Bonjour à tous,
MOULOUYA
Rencontre avec un sous-marin le 26 Mai 1916
Rapport du Capitaine THIEUX, commandant du MOULOUYA au CA commandant Marine Marseille.
Parti de Tunis le 24 Mai 1916 à 18h20 avec 2 passagers, 300 t de marchandises diverses et 7600 moutons à destination de Marseille, j’ai suivi les routes recommandées. Le 25 Mai à 21h50, j’ai fait route au N 26 W pour passer à 10 milles au Sud de Porquerolles.

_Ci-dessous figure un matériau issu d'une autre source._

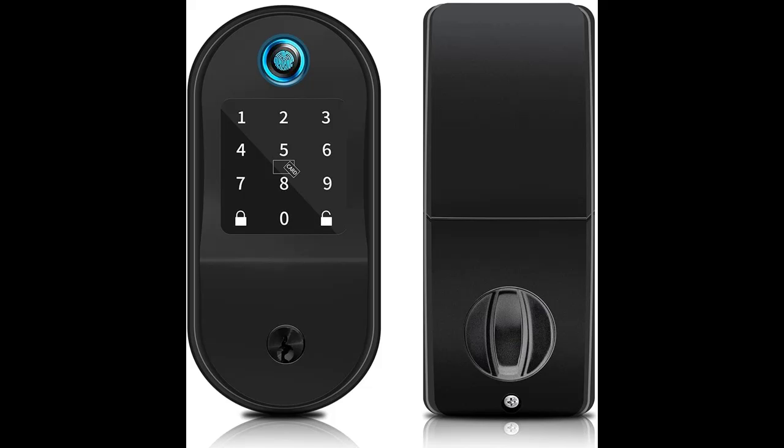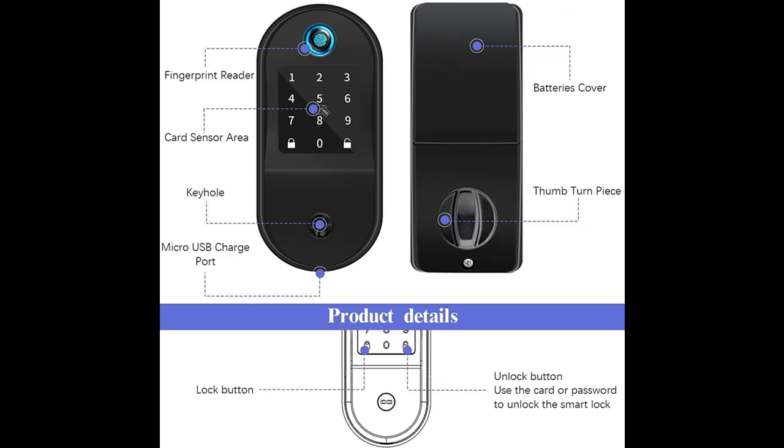Short features highlight and overview summary of the OHWOAI Smart Deadbolt. You can find it here, and shop from a wide selection of devices in different configurations for your needs, filtering by specification, type, brand, and more.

Le 26 Mai à 10h55, par 42°34 N et 06°25 E, étant moi-même sur la passerelle avec le second capitaine Monsieur METAYRON, le maître d’équipage SIKO et le passager Roger SAVON, nous apercevons à 2000 m au S60W un sous-marin qui venait d’émerger et n’avait que son capot hors de l’eau.
Venu tribord toute immédiatement pour lui présenter l’arrière, mis la machine à toute puissance et l’équipage au poste de combat. Envoyé le premier message de détresse. Fait route au N65E en présentant exactement l’arrière au sous-marin qui nous gagne un peu de vitesse car son capot grossit.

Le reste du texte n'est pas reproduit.